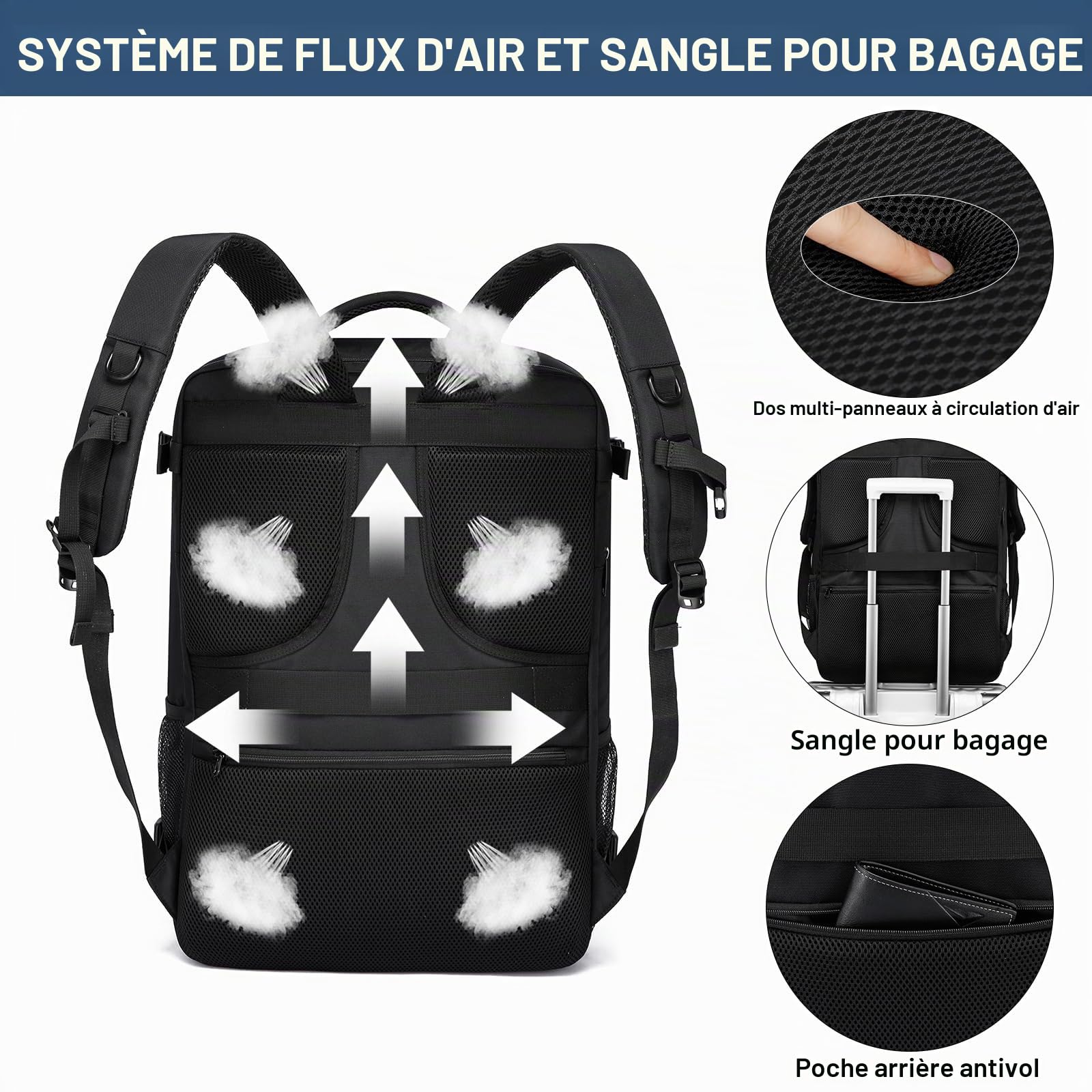 Bagage Cabine 55x40x20cm Grande Sac a Dos Voyage Cabine Avion 44L Femme Homme Bagage à Main Sac a Dos Cabine Valise Sac à Dos pour Ordinateur Portable 18.4Pouces, Noir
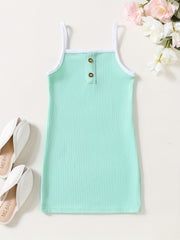 Toddler Girls Block Trim Button Decor Ribbed Cami Dress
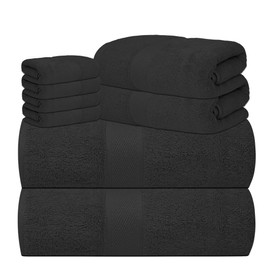 Lenenz Luxury 8 Piece Set, 2 Bath Towels 2 Hand Towels 4 Washcloths, 100% Cotton Towels for Bathroom, Home, Spa, Hotel & Gym – Ultra Soft, Highly Absorbent, Quick Dry (Dark Grey)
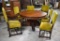 Set of 6 Antique Early 20th C. Carved Walnut Dining Chairs w/ Upholstery, Two Master & 4 Side Chairs
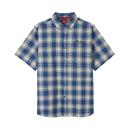 MENS PASADENA PLAID SHORT SLEEVE SHIRT - BLUE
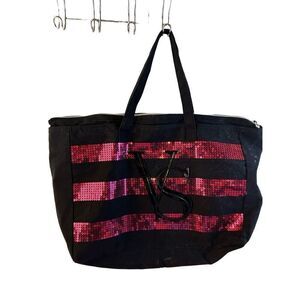 VS‎ Victoria Secret Black Sequins tote 24x16"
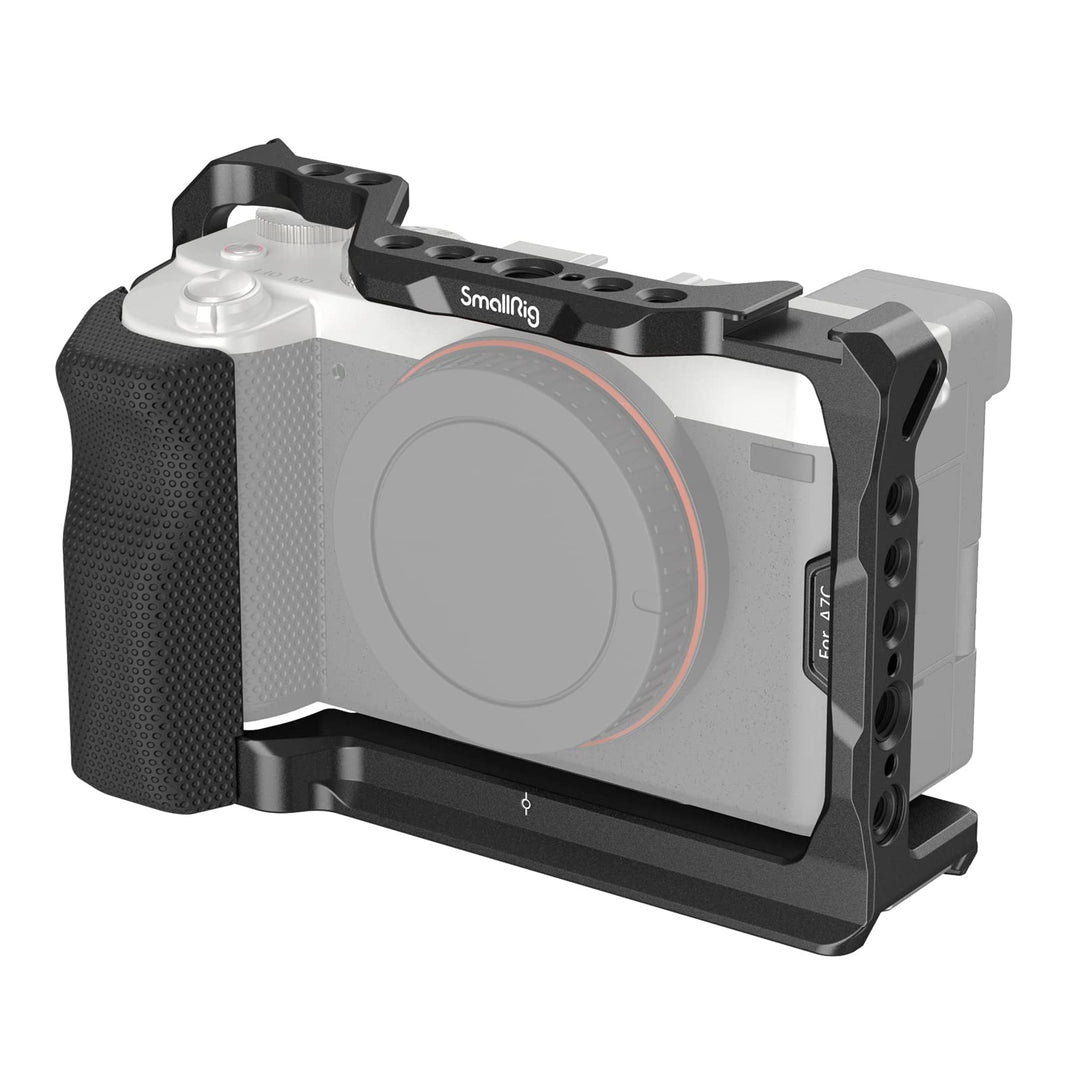 SMALLRIG Full Cage für Sony A7C, Käfig mit Silikon Griff und Cold Shoe Mount - 3212B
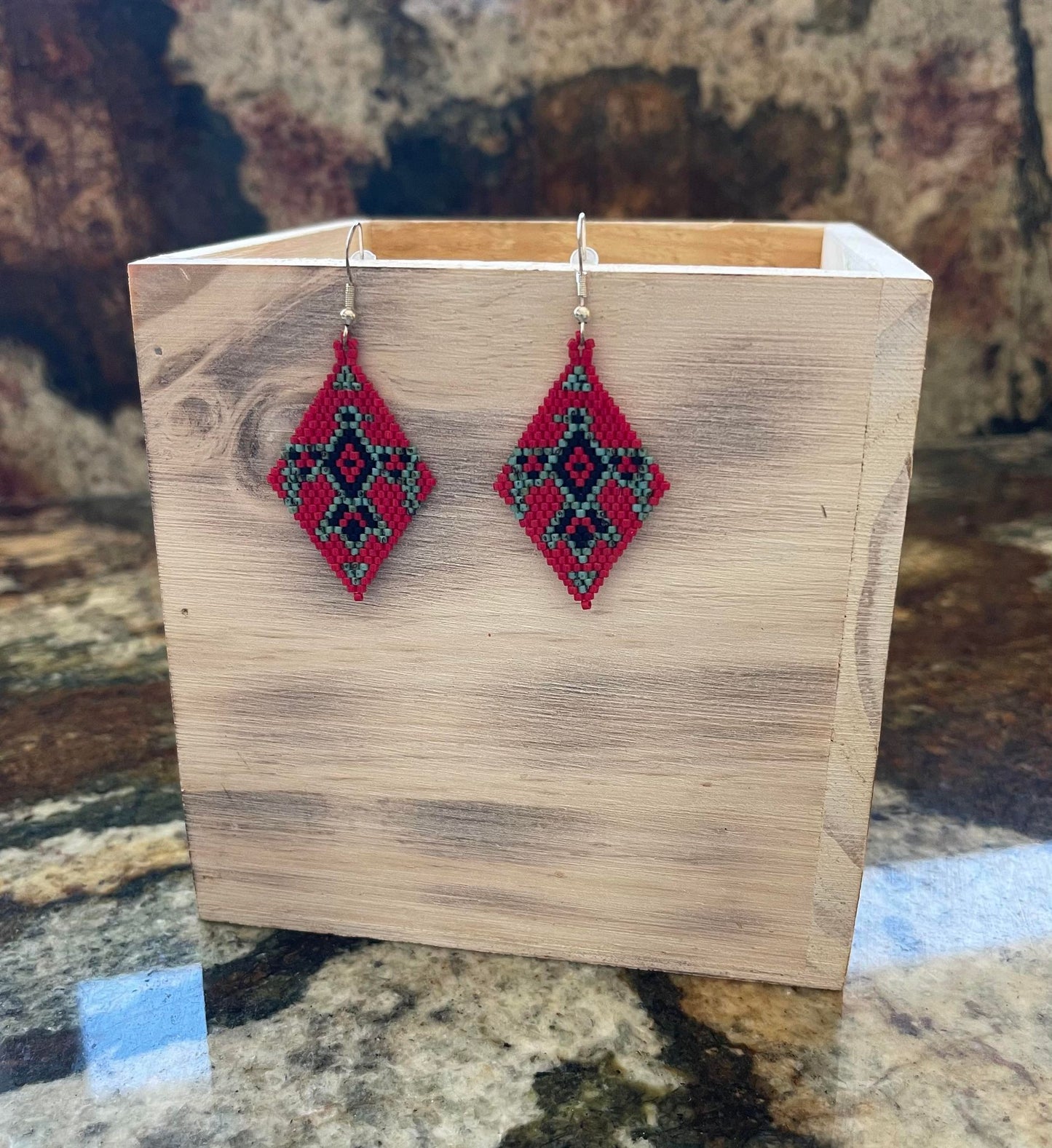 Native Eagle Hand-Beaded Earrings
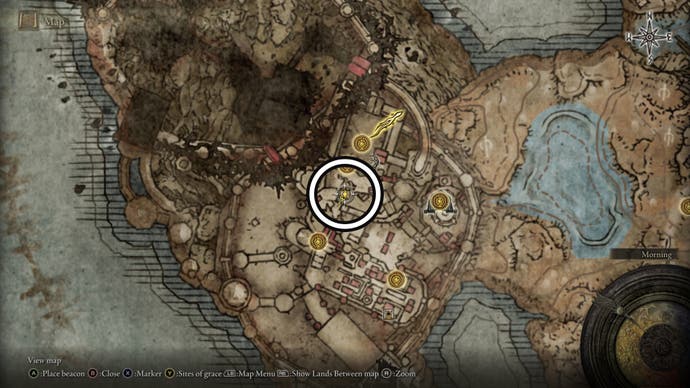 A screenshot of the Grace Revered Spirit Ashes fortress site in the Belurat Tower settlement on the Elden Ring Shadow of the Erdtree map.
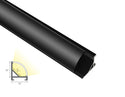 ROUND CORNER-S-SL - GLQ 1619 Black Aluminum Channel + Black Diffuser - 94" - 1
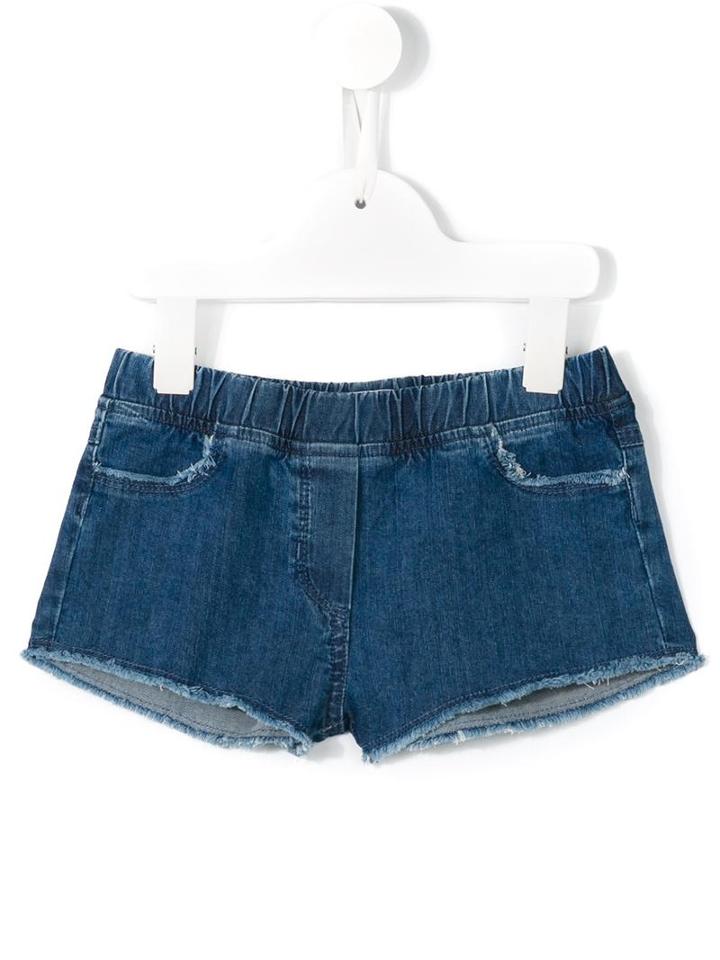 Il Gufo Raw Edge Denim Shorts, Girl's, Size: 6 Yrs, Blue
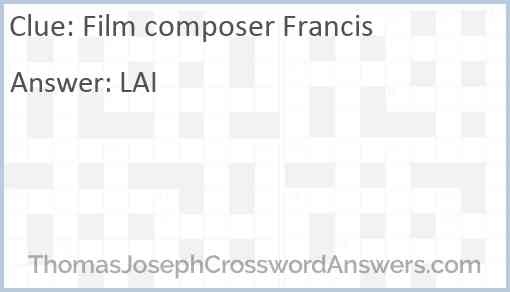 Film composer Francis Answer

____

[Activity]
For the material above, repeat each line exactly and leave out the pictures.

[Written solution]
 Bagage Cabine 55x40x20cm Grande Sac a Dos Voyage Cabine Avion 44L Femme Homme Bagage à Main Sac a Dos Cabine Valise Sac à Dos pour Ordinateur Portable 18.4Pouces, Noir
 Toddler Girls Block Trim Button Decor Ribbed Cami Dress
 Lenenz Luxury 8 Piece Set, 2 Bath Towels 2 Hand Towels 4 Washcloths, 100% Cotton Towels for Bathroom, Home, Spa, Hotel & Gym – Ultra Soft, Highly Absorbent, Quick Dry (Dark Grey)
 Set of 6 Antique Early 20th C. Carved Walnut Dining Chairs w/ Upholstery, Two Master & 4 Side Chairs
 MENS PASADENA PLAID SHORT SLEEVE SHIRT - BLUE
 VS‎ Victoria Secret Black Sequins tote 24x16"
 SMALLRIG Full Cage für Sony A7C, Käfig mit Silikon Griff und Cold Shoe Mount - 3212B
 Native Eagle Hand-Beaded Earrings
 A screenshot of the Grace Revered Spirit Ashes fortress site in the Belurat Tower settlement on the Elden Ring Shadow of the Erdtree map.
 ROUND CORNER-S-SL - GLQ 1619 Black Aluminum Channel + Black Diffuser - 94" - 1
 Il Gufo Raw Edge Denim Shorts, Girl's, Size: 6 Yrs, Blue
 Film composer Francis Answer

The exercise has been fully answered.